At the venue House Mickeln

Social Software @ Work was organized by the information sciences department together with the English linguistics department. It was through the latter that I was invited to participate and present by Cornelius Puschmann.

Theory and Practice in Six Themes
During two days we discussed the use of social media in the workplace around 6 themes. Each of those themes was covered with both more theoretical as well as more practical examples coming from academics, companies and practitioners alike.
The six themes were measuring results, social search, current trends, communications in science, e-learning, and social media in large organizations, all in relation to social software.


During sessions

Presentation on ‘Tools in a Broader Context’
I contributed to the ‘current trends’ panel and was the last speaker of day 1.
That’s why I chose to share a bit more general story (‘The tools in broader context’) on how internet and mobile technology is changing our societies. Social software in that light is the first batch of tools that really use the new affordances internet and mobile tech give us (easy sharing, easy group forming and networking, low threshold participation, largely time and place independent) by employing human relationships as navigational structure. This requires new skills, routines and knowledge. Organizations, workplaces, learning, meetings, and even things like public tendering all change and shift towards a more networked appearance. It puts previously predictable situations in the complex realm all of a sudden. I held up the project at Rotterdam University as how ultimately that changes how we perceive ourselves, and how we define humanity. At the same time we see new waves on the horizon that are not only bringing the social digital realm into each and every ‘real life’ context (context based services) but also bring new elements to the networked environment: everyday objects (internet of things), all data elements (semantic web), production (personal production / FabLab)

People Tagging, Contactivity, and Identity
There were many other interesting presentations, out of which I will only highlight three notions that stuck with me particularly.
In the Social Search panel Simone Braun talked about ‘people tagging’ as a way to complement competence management with a bottom-up way of building your ontology of competences. People tagging, not just for competence management, to me feels like a key element when people are your path of navigation through information. When I want to know stuff about a topic I don’t immediately dive in, but look for people I know connected to the relevant topic, and then search their context for relevant information. It is why I am still very eager to find a feedreader that allows me to tag individual feeds (for me feeds mean people, I have my feedreader organized that way): I want to be able to ask my feedreader “What are information scientists I know in SE Asia saying today, what do they think is important today.” and “What are the coders in Berlin up to this week”. People tagging is important. As is the notion of augmenting taxonomies with tagging to keep your taxonomy relevant and up to date, that Simone Braun tapped into.

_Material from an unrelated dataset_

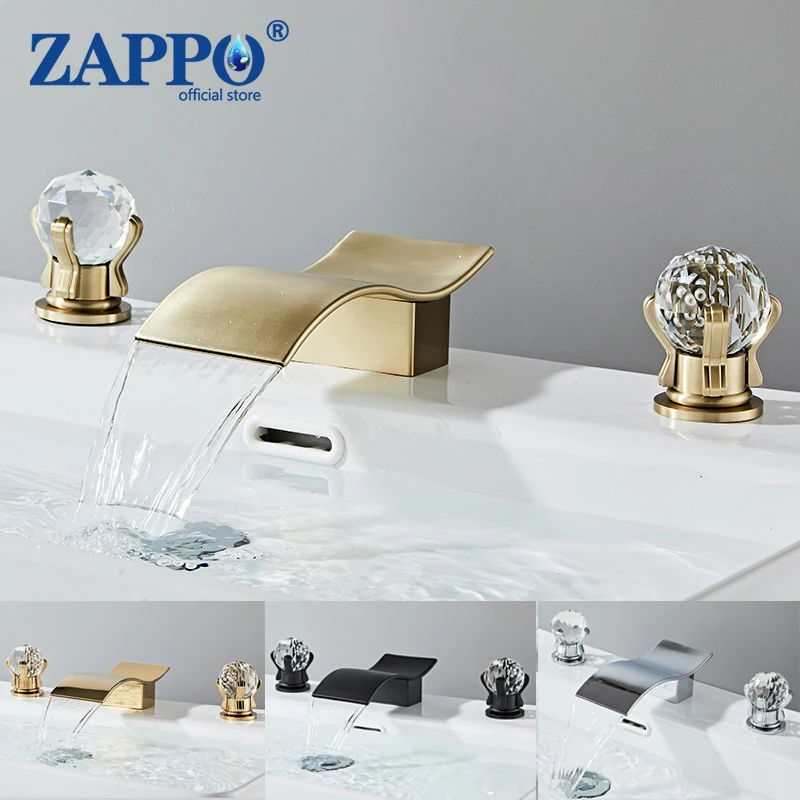 

ZAPPO Brushed Gold Bathroom Faucet with 2 Crystal Knob Handle Widespread Waterfall Faucet Mixer Tap for Bathroom Sink or Bathtub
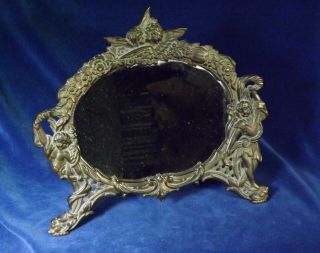 Antique 19c Victorian Cherubs Vanity Easel Mirror National Bronze & Iron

My friend Karsten Ehms of the Siemens Knowledge Management team in Munich talked about the internal blogging at Siemens in the panel on social software in big organizations (otherwise filled with good presentations from Sun, BASF, and Daimler). One key point he made was on the relevant measurements of success for internal blogging. In the end it’s the cross organization and the cross country connections that are build that count. The connectedness and the nature of those connections between people, which together I call contactivity. (Slide 15 in Karsten’s slideset)


Karsten Ehms on the power law of participation in Siemens internal blogging

The final presentation was given by Michael Habib of Elsevier in the panel on communications in science. In his talk on scholarly reputation management he positioned Identity as a possible centre point to a more networked approach to classical reputation ingredients in science like the number of publications and the number of times they are referenced in other work. Both of those indicators are under pressure because the whole peer review and (paper) publishing model is. Tools like Elsevier’s Scopus could use ‘identity’ as a replacement. What identity management looks like also depends on the stage of your scientific career. Seniors need different aspects of their reputation to be readily findable than when you just start. Michael’s whole slideset is worth looking at but the picture below is I think relevant to everybody when it comes to thinking about your ‘presence’ on-line.


Identity Matrix as used by Michael Habib, after the founders of ClaimID

More slide sets are on Slideshare, and more info on the program and abstracts (all in German) can be found at the event website.
This was a good event, and my stay in Dusseldorf was made all the more pleasant, as I as well as Elmine took the opportunity to visit and stay with Pedro and Patricia Custodio.